Hi again all, Just a quick follow-up - could I script the creation of 1000 partitions using bash or PL/pgSQL? I think (rightly/wrongly?) that this may be the best solution? I've found samples on the web, but they are for partitioning by date - a quick sample by integer would be gratefully received! Is partman recommended by the community? TIA and rgs, Pól...
On 8/9/21 9:14 AM, Pól Ua Laoínecháin wrote: > Hi again all, > > Just a quick follow-up - could I script the creation of 1000 > partitions using bash Sure. That's what scripting languages are for. > or PL/pgSQL? I think (rightly/wrongly?) that > this may be the best solution? > > I've found samples on the web, but they are for partitioning by date - > a quick sample by integer would be gratefully received! > > Is partman recommended by the community? -- Angular momentum makes the world go 'round.

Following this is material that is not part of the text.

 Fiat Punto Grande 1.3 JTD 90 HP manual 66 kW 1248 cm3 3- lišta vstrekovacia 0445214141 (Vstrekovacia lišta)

I have a 400GB joining table (one SMALLINT and the other INTEGER -
Primary Keys on other tables) with 1000 fields on one side and 10M on
the other, so 10,000M (or 10Bn) records all told.
My queries:
Do you have any explain analyze,buffers
<query> results with the existing setup? Does it look problematic?
How would your table grow on either side of the join ? Append only, static data or too frequently updated etc, or dropped periodically, so that delete based bloating can be skipped completely.

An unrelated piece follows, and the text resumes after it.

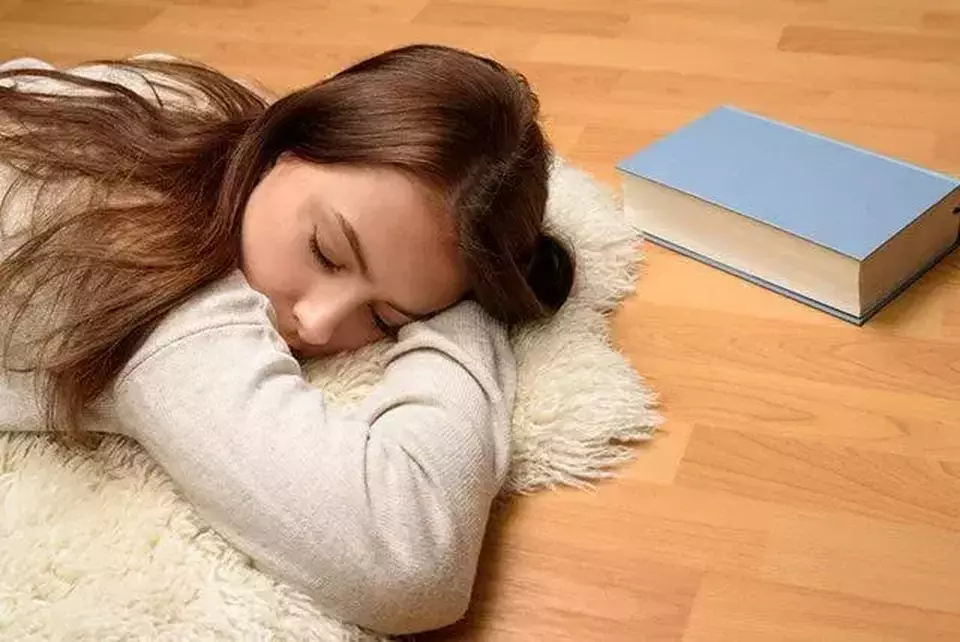 Tidur di lantai.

How distributed is the data based on smallint keys, equally or unequally.
What kind of queries would be run and results returned ? Oltp or olap like ? Quick queries with few rows retuned or heavy queries with lot of rows returned.
Partitioning has been ever improving, so the best option if possible would be to use the latest pg version is possible,.
Also is there any scope of normalisation of that table, I mean I know theoretically it is possible, but I have not seen any design with that wide table( of 1000 cols), so would be good to know.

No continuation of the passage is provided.